Are matrices rank 2 tensors?
This question doesn't have a single good answer, because there isn't a universally agreed upon definition of "tensor" in mathematics. In particular:
Tensors are sometimes defined as multidimensional arrays, in the same way that a matrix is a two-dimensional array. From this point of view, a matrix is certainly a special case of a tensor.
In differential geometry and physics, "tensor" refers to a certain kind of object that can be described at a point on a manifold (though the word "tensor" is often used to refer to a tensor field, in which one tensor is chosen for every point). From this point of view, a matrix can be used to describe a rank-two tensor in local coordinates, but a rank-two tensor is not itself a matrix.
In linear algebra, "tensor" sometimes refers to an element of a tensor product, and sometimes refers to a certain kind of multilinear map. Again, neither of these is a generalization of "matrix", though you can get a matrix from a rank-two tensor if you choose a basis for your vector space.
You run into the same problem if you ask a question like "Is a vector just a tuple of numbers?" Sometimes a vector is defined as a tuple of numbers, in which case the answer is yes. However, in differential geometry and physics, the word "vector" refers to an element of the tangent space to a manifold, while in linear algebra, a "vector" may be any element of a vector space.
On a basic level, the statement "a vector is a rank 1 tensor, and a matrix is a rank 2 tensor" is roughly correct. This is certainly the simplest way of thinking about tensors, and is reflected in the Einstein notation. However, it is important to appreciate the subtleties of this identification, and to realize that "tensor" often means something slightly different and more abstract than a multidimensional array.
The connection is this: a matrix consists of the coefficients of a (1,1) tensor, but it is not a tensor itself.
Suppose we are talking about a linear transformation $T$ on an $n$ dimensional vector space $V$.
Now $T$ is certainly a tensor (tensors are, after all, multilinear maps on copies of $V$ and $V^\ast$, and a linear transformation can be interpreted as a multilinar function from $V\times V^\ast$ to $\mathbb{F}$.)
Once a basis for $V$ is fixed, then you can talk about the matrix $A$ for $T$ which is written in terms of the basis.
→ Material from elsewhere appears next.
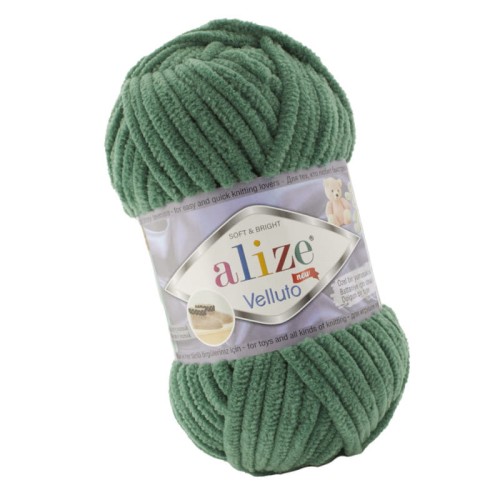 Alize Velluto 532 Ciemny Zielony (100gr/68mt)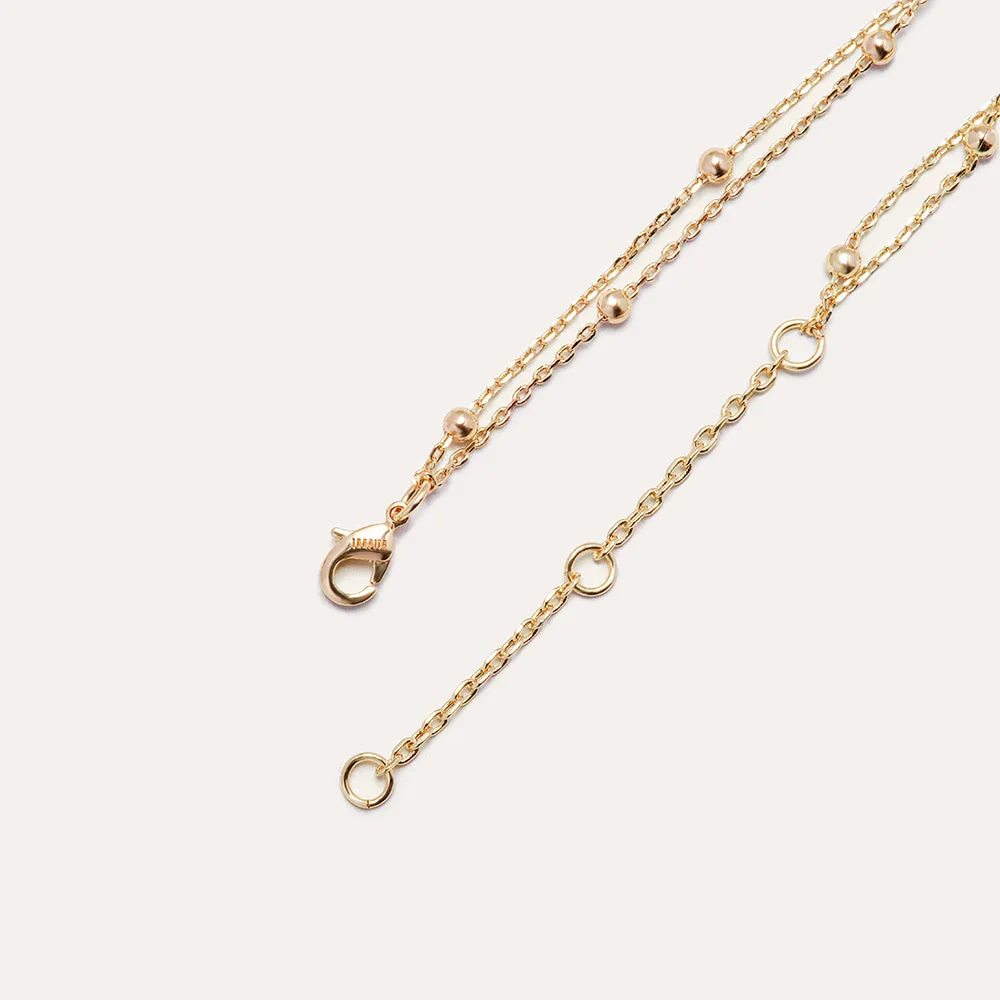 Orbit Bracelet in 14kt Gold Over Sterling Silver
The same can be said for general multilinear functions on copies of $V$ and $V^\ast$, that after you have fixed a basis, you have a big array holding its coefficients.
It's important to remember not to confuse the array for the tensor. The tensor is a basis independent entity: it's a kind of function. The components are just one particular representation of that function, and the components depend upon a choice of basis.